When a new restaurant re-introduces a protégé to the world—like a second coming of sorts—it feels like the food media community holds its breath to withhold quick remarks. I could sense this when Clos Pasoh on Bukit Pasoh Road opened not too long ago, with Chef Louis Pacquelin helming the kitchen on the second level shophouse unit.
The menu is a breath of fresh French air, with modernity having a heavy hand in its recipes as much as the dining space. Furnished with strategic pockets of foliage tucked in between plush emerald green sofas and rattan-back chairs, the cosiness in Clos Pasoh tempts stubbornness, just to prolong a meal.
What I tried
Bread as an appetiser is one of the greatest gifts for the table, I believe. And when the condiment—butter or otherwise—is housemade, that makes for an easy conversation starter if you’re on a blind date. In this case, the Cervelle de Canut (S$12) blesses the start of lunch with a side of chargrilled sourdough.

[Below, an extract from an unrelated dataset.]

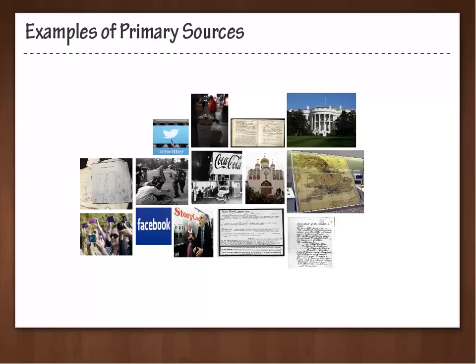The same holds true for Twitter, Facebook, or blog posts. They can be used as primary sources as long as they came from a witness of the event.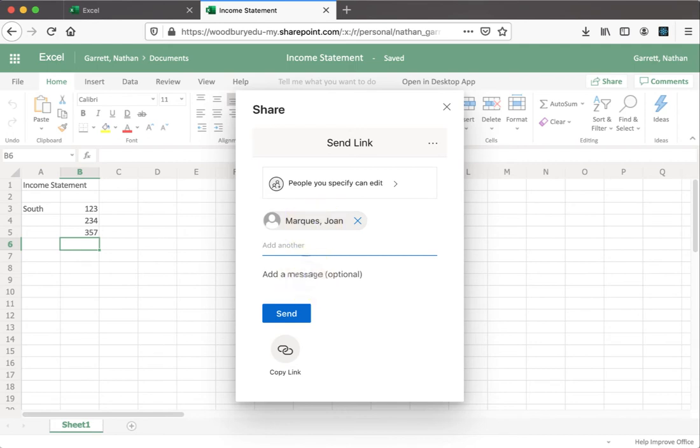We can also add a message, and then you can go ahead and click the send button.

My affection for sourdough is what, honestly, keeps me returning for the fromage blanc, made with Fromagerie Janier (in Lyon) with shallots, black pepper, walnut oil, and herbs.
I practice restraint not knowing how much food I’m expecting, but I suppose it is a fun little game I play with myself whenever I dance with the devil that is carbs.
While innards are typically not associated with refinement and beauty, it was rather pleasurable to see the Trippes et Caviar (S$32) so eloquently dressed on a plate. Cascading down the mound of braised and fried tripe is Noilly-Prat sauce dotted with caviar for that touch of opulence. I anticipated a gamey bite that’d instantly ward me off, but I was rewarded, instead, with crunchy, briny morsels that were satisfyingly chewy.
If I had to persuade anyone here to give it a chance, I’d liken it to deep-fried oysters—and maybe not constantly reminding yourself it’s actually a cow’s stomach.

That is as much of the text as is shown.